[Opening ENTRIES SUPPLIED section]

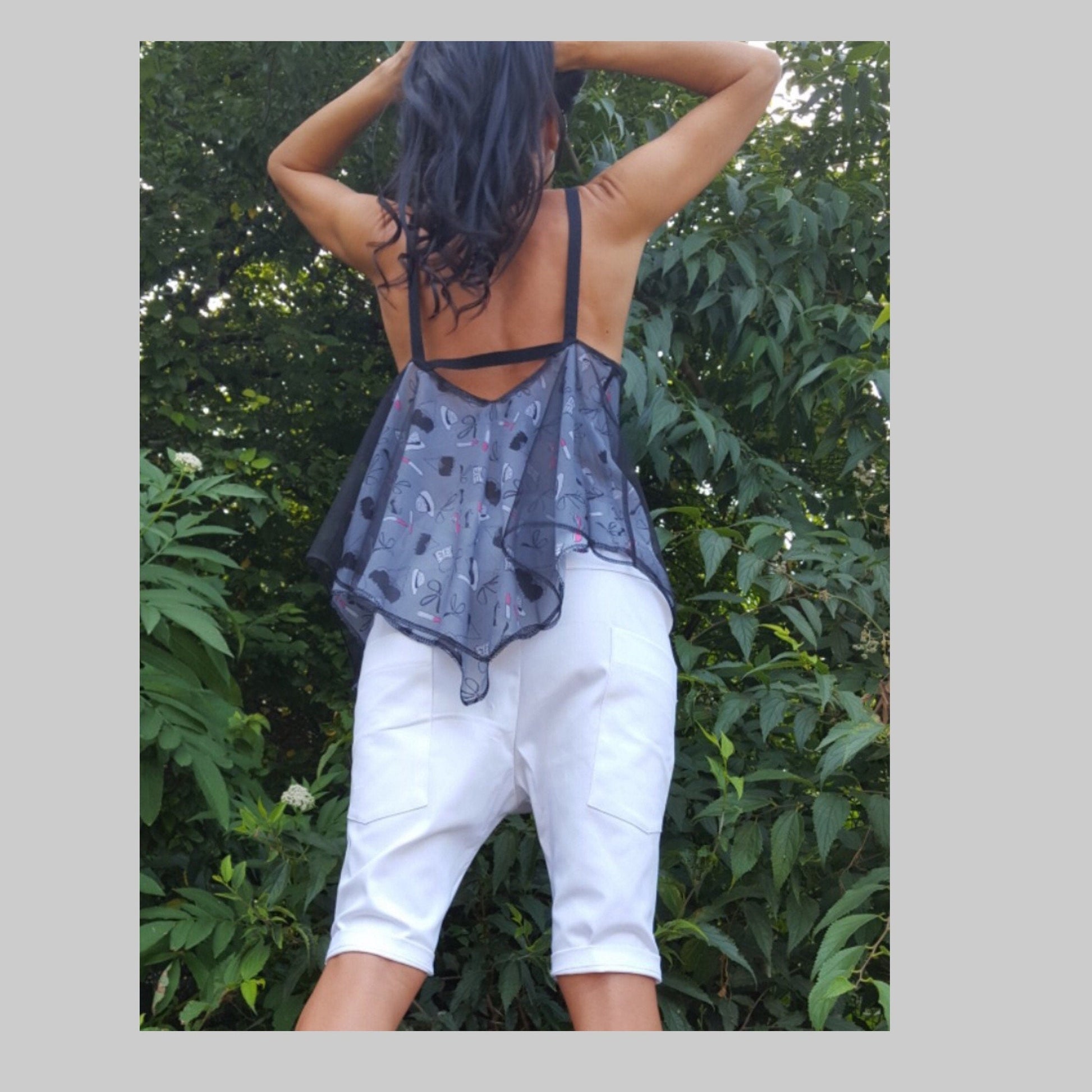 Summer Top - Handmade clothing from AngelBySilvia - Top Designer Brands 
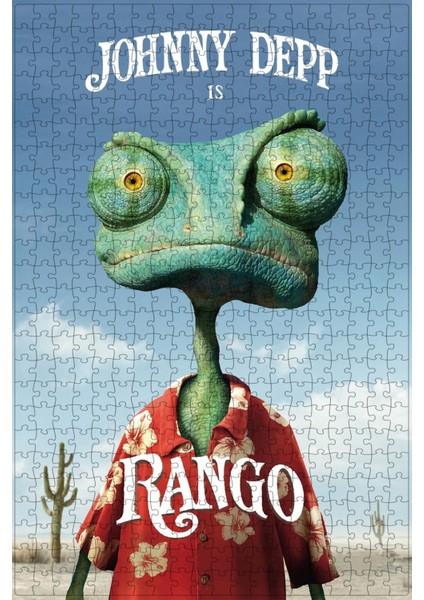 Rango (2011) Film Posterinin 500 Parça Puzzle Yapbozu
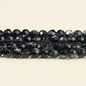 Faceted Round Glass Beads 10mm Clear Pastel Colors 50pcs 12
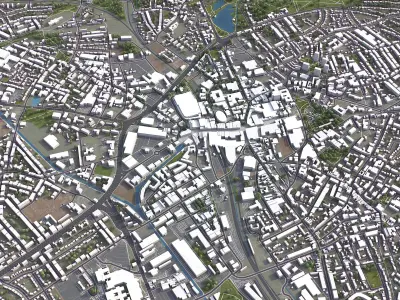 Walsall Low-poly 3D model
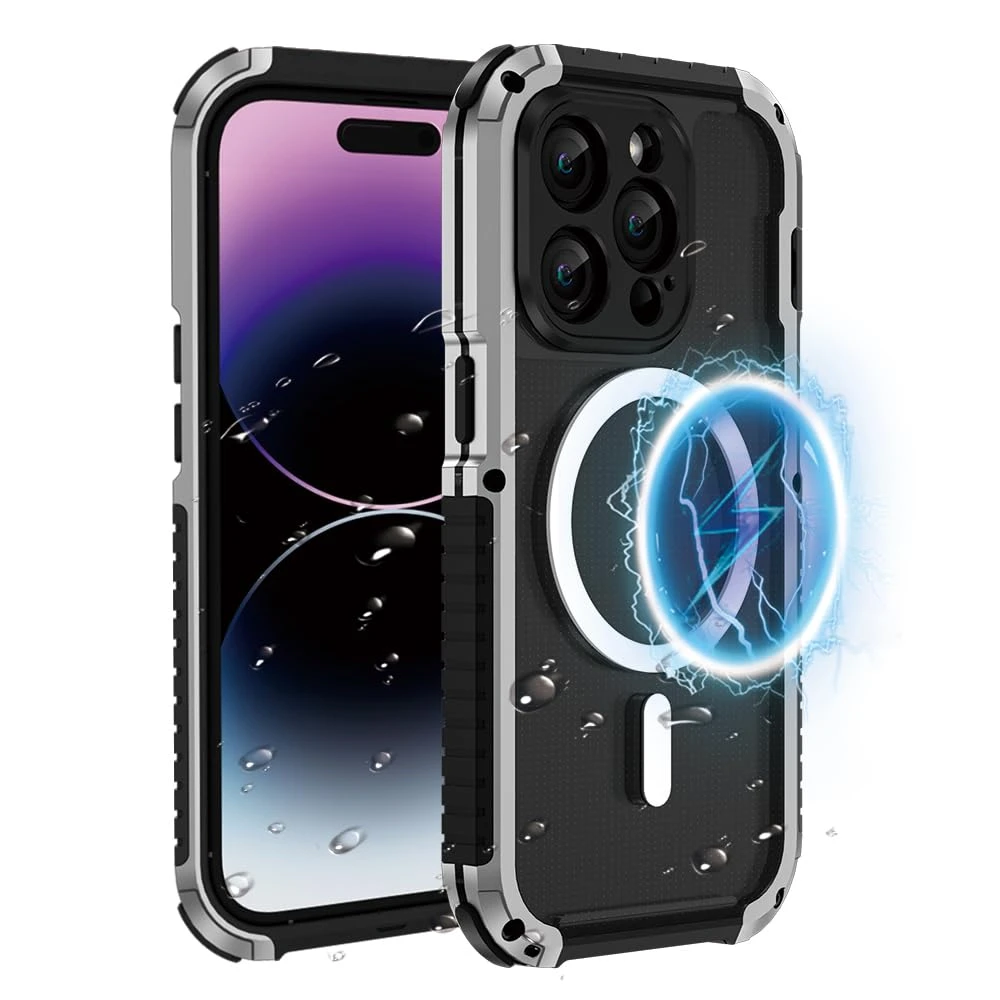 IPHONE 15 PRO MAX METAL CASE WITH MAG SAFE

[Closing ENTRIES SUPPLIED section]

→ WORK TO BE COMPLETED:
Your copy should consist only of the lines from the line holding "Rango (2011) Film" through the final line of the listing above, both included, with all pictures omitted.

→ ANSWER SPACE:
 Rango (2011) Film Posterinin 500 Parça Puzzle Yapbozu
 Faceted Round Glass Beads 10mm Clear Pastel Colors 50pcs 12
 Walsall Low-poly 3D model
 IPHONE 15 PRO MAX METAL CASE WITH MAG SAFE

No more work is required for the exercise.